Exercise instructions >> Could you transcribe exactly the lines from the one containing "A medical worker" through the last line of the records below, leaving out the pictures?

Data to use >>
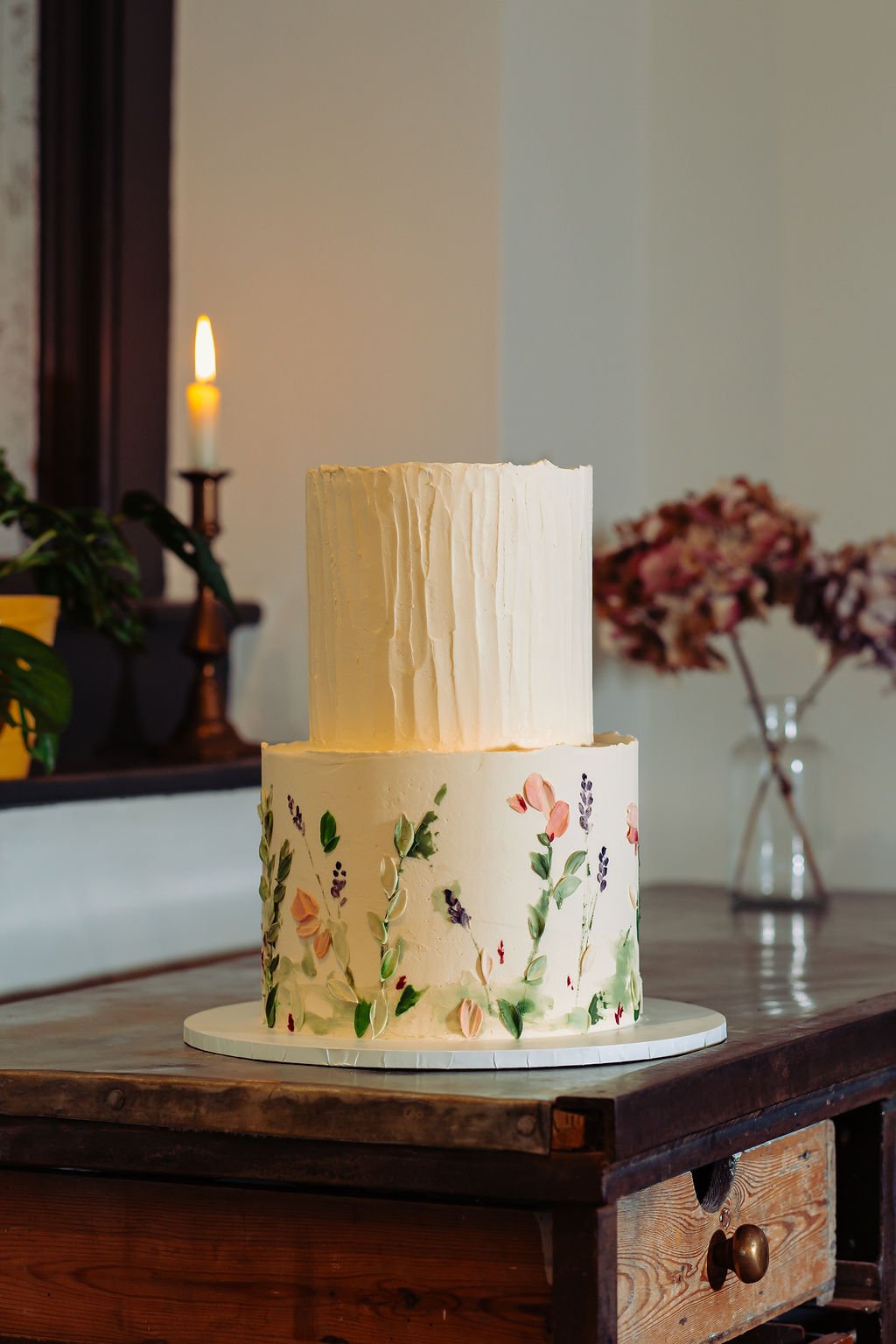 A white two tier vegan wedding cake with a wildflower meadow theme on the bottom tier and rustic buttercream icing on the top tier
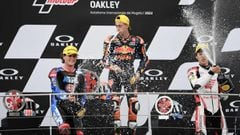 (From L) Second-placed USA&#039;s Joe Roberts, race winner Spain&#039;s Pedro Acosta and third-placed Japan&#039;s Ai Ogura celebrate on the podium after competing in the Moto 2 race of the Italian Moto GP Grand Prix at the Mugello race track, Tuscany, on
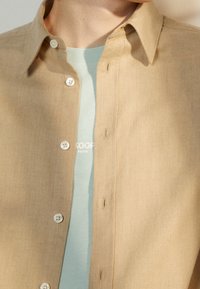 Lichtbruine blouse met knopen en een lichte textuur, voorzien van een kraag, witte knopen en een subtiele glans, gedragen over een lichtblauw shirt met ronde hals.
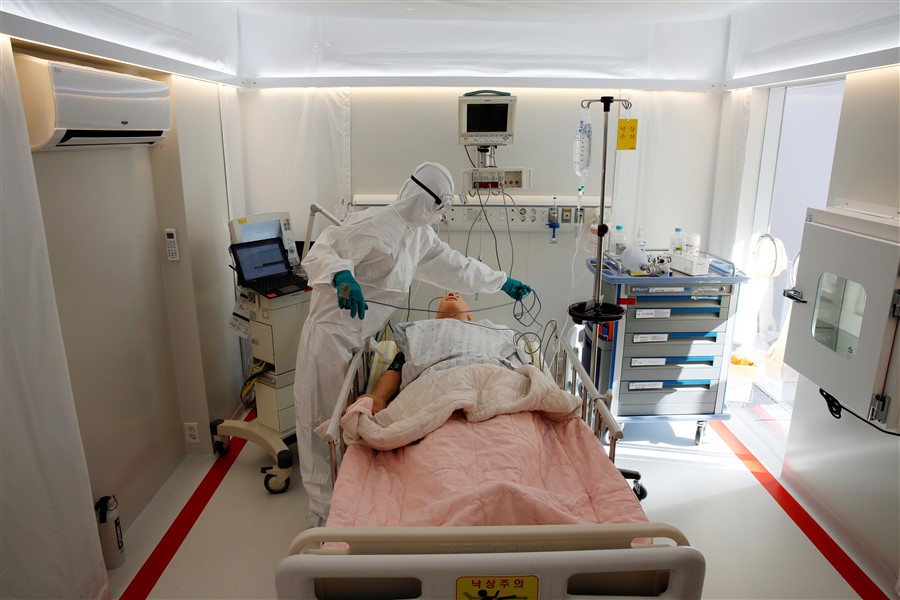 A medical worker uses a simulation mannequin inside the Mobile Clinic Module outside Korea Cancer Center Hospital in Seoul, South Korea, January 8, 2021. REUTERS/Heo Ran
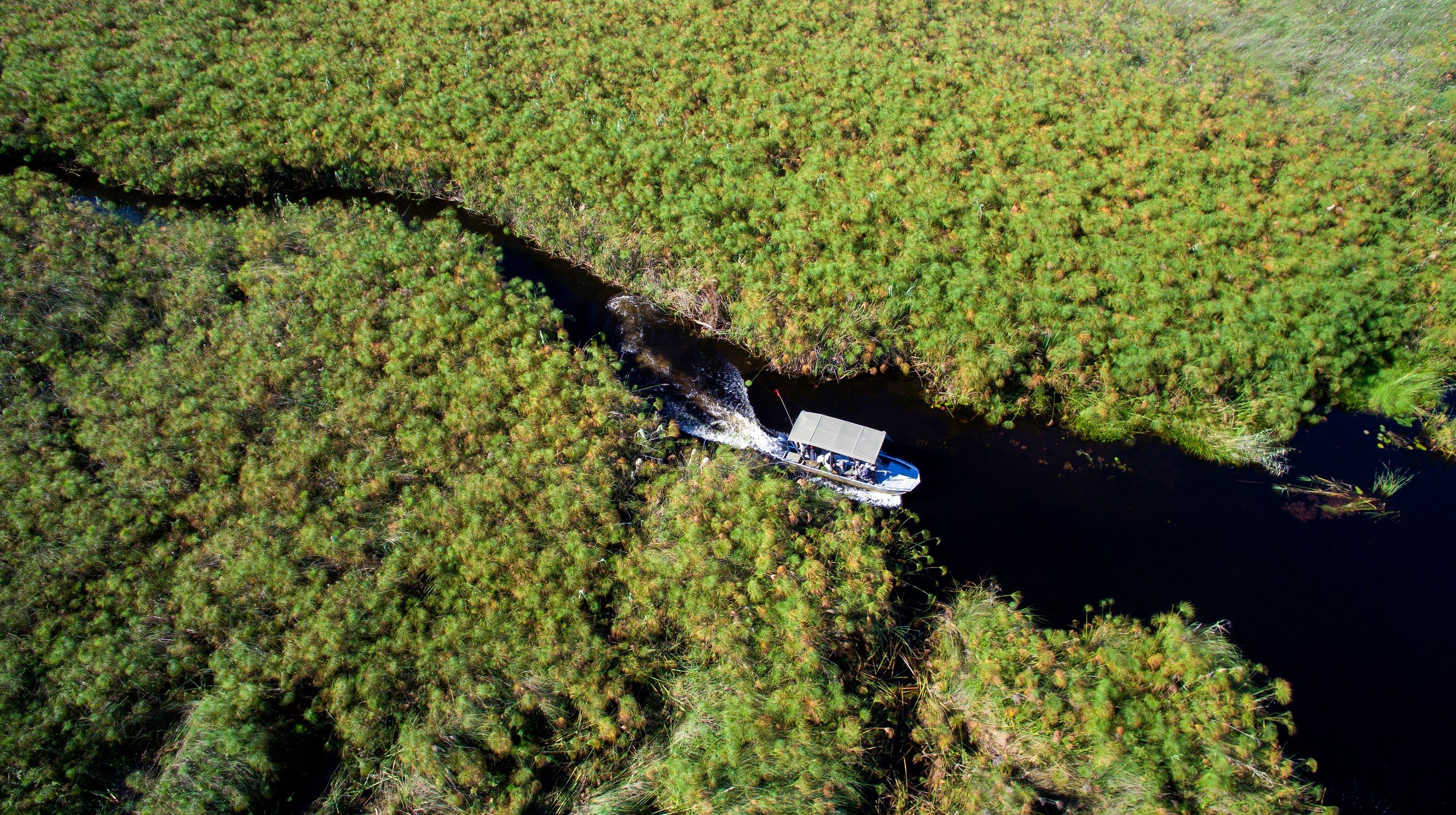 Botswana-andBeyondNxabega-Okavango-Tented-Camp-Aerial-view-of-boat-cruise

Answer space >>
 A medical worker uses a simulation mannequin inside the Mobile Clinic Module outside Korea Cancer Center Hospital in Seoul, South Korea, January 8, 2021. REUTERS/Heo Ran
 Botswana-andBeyondNxabega-Okavango-Tented-Camp-Aerial-view-of-boat-cruise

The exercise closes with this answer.